#### What is being asked:
This exercise calls for retyping every line below exactly, with the images omitted.

#### Data extract:
- - - - - - -
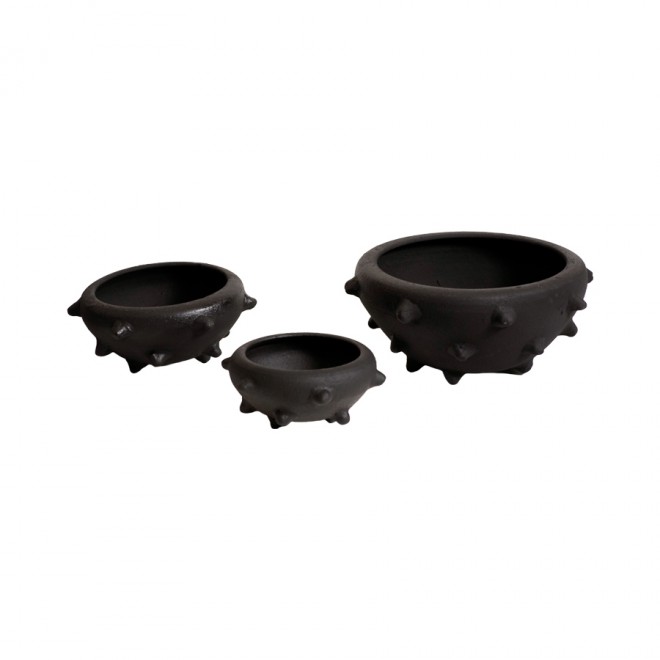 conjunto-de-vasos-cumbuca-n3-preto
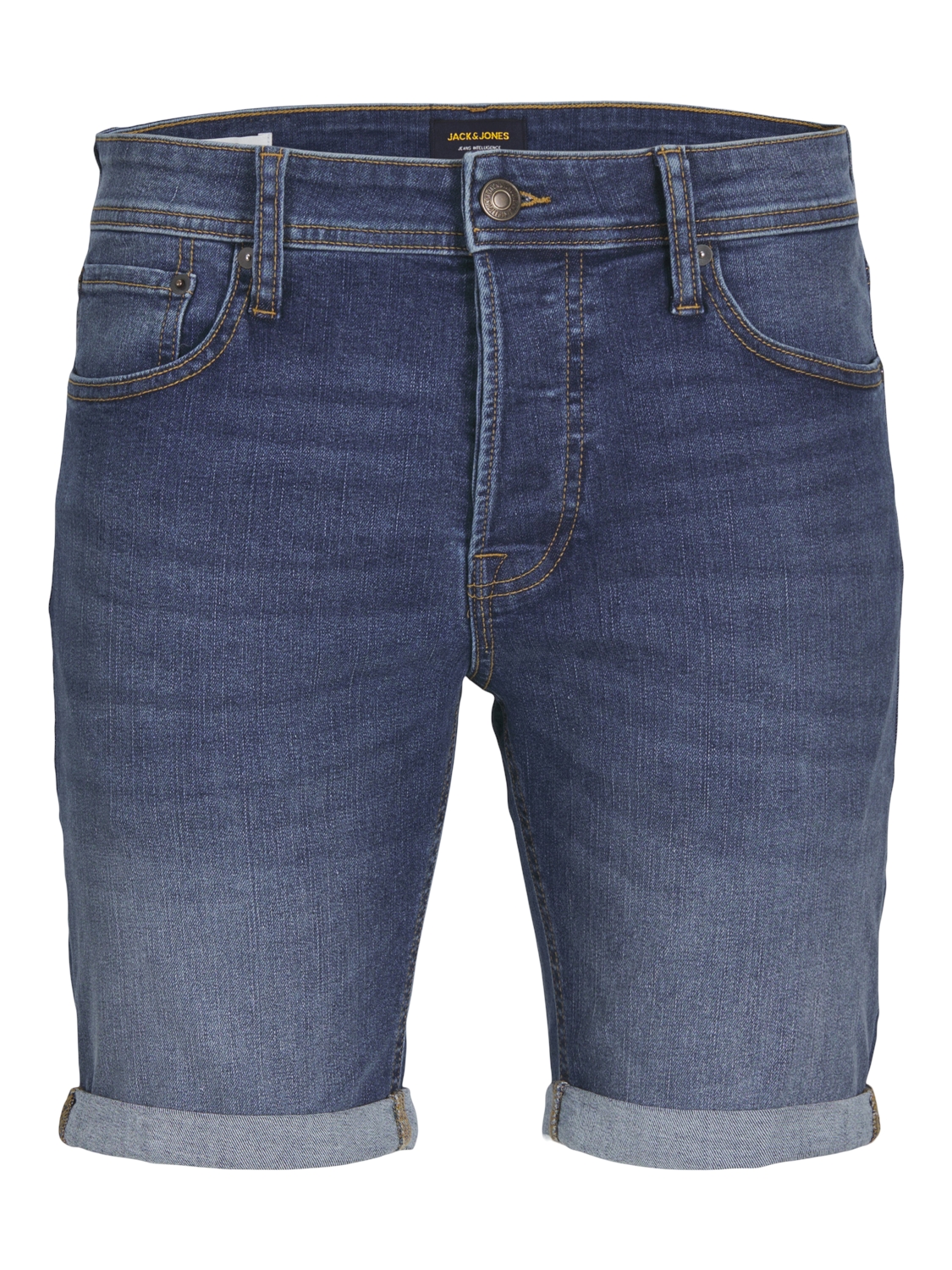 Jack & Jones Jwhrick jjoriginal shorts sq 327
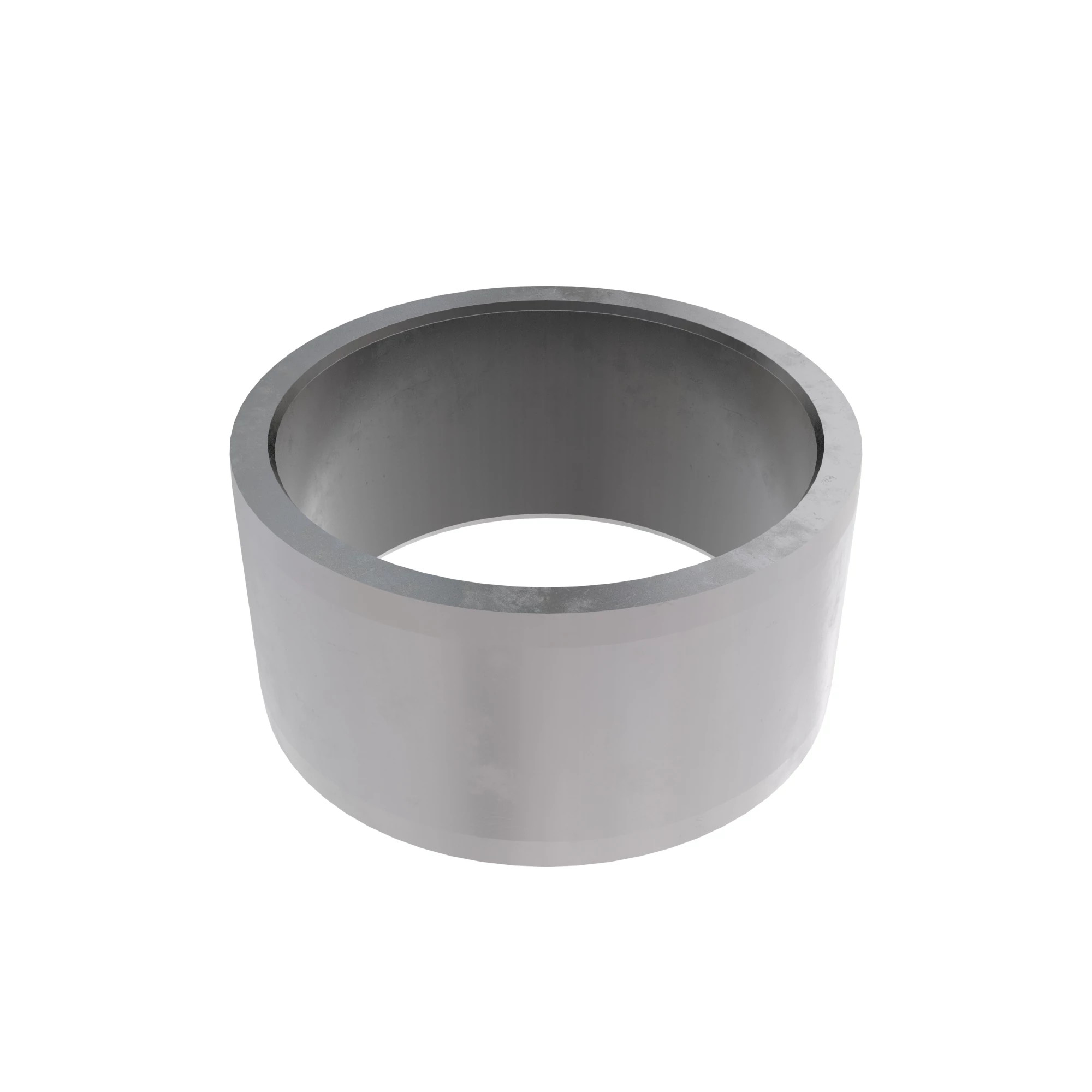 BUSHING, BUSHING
- - - - - - -
#### Exercise answer:
 conjunto-de-vasos-cumbuca-n3-preto
 Jack & Jones Jwhrick jjoriginal shorts sq 327
 BUSHING, BUSHING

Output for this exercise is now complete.